● THE INPUT:
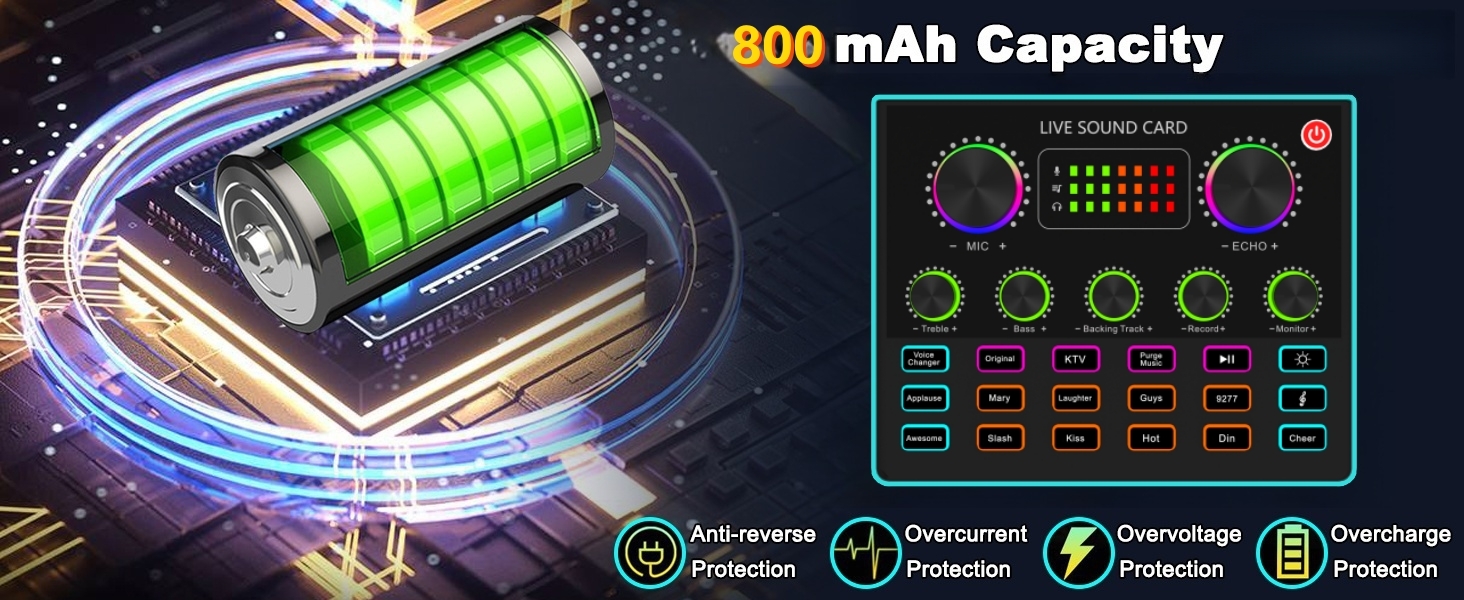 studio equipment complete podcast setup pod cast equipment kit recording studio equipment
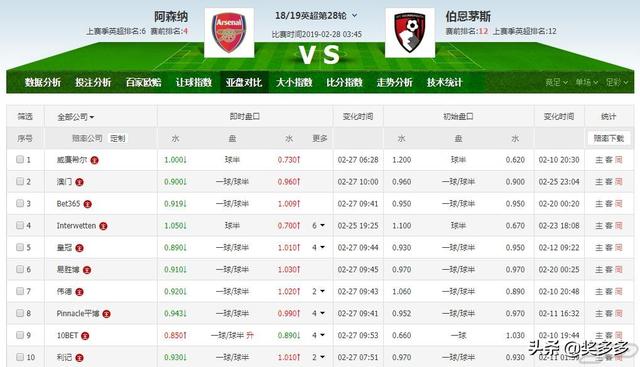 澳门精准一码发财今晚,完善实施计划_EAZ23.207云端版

...

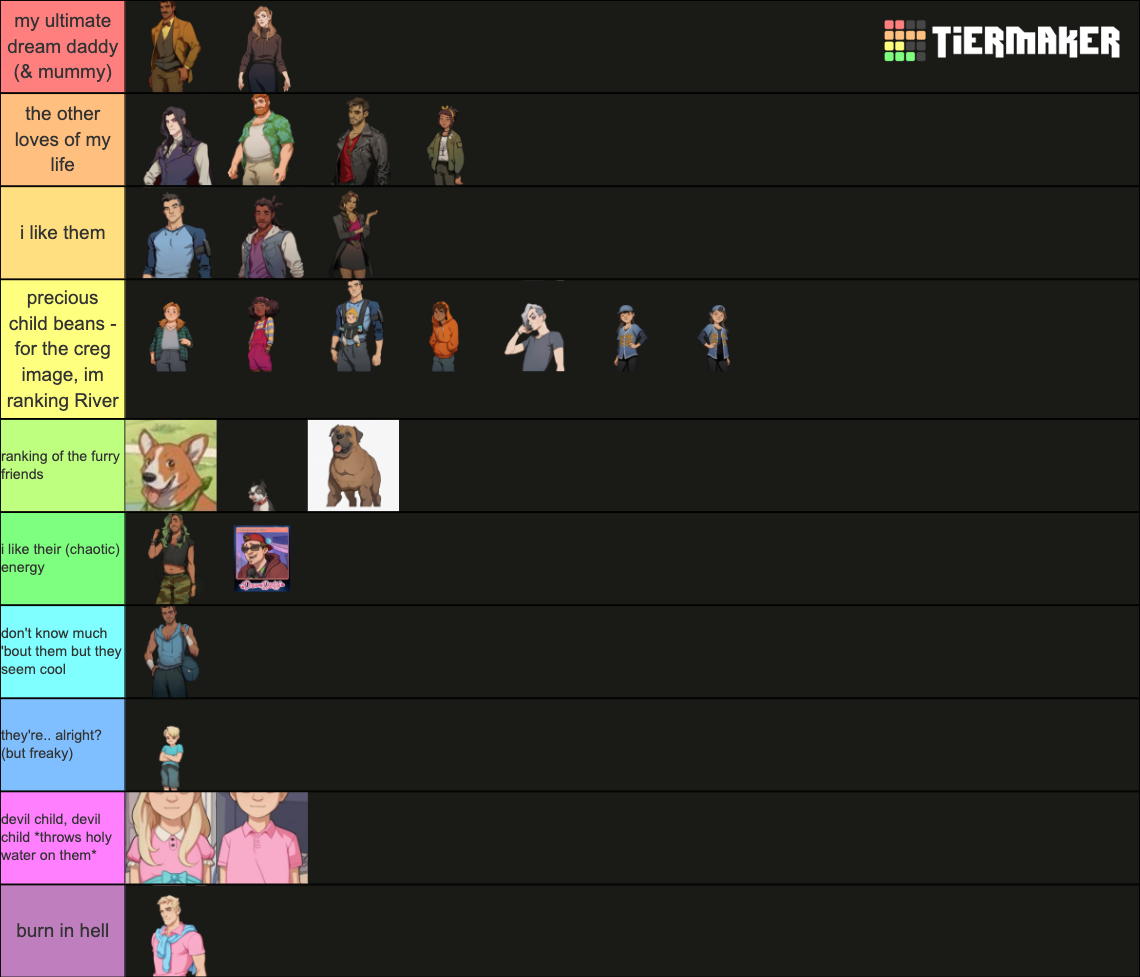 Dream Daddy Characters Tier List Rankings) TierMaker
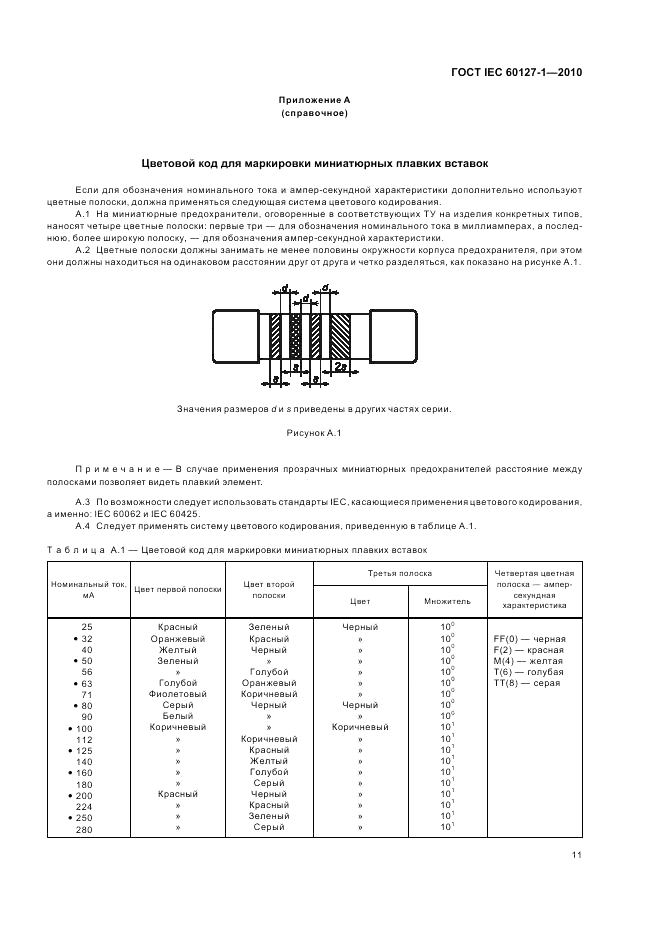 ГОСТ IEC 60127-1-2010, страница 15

● PROBLEM STATEMENT: Word for word, repeat the lines above from the one with "Dream Daddy Characters" through the one with "ГОСТ IEC 60127-1-2010, страница 15", and nothing beyond them. Omit the pictures.

● TASK SOLUTION:
 Dream Daddy Characters Tier List Rankings) TierMaker
 ГОСТ IEC 60127-1-2010, страница 15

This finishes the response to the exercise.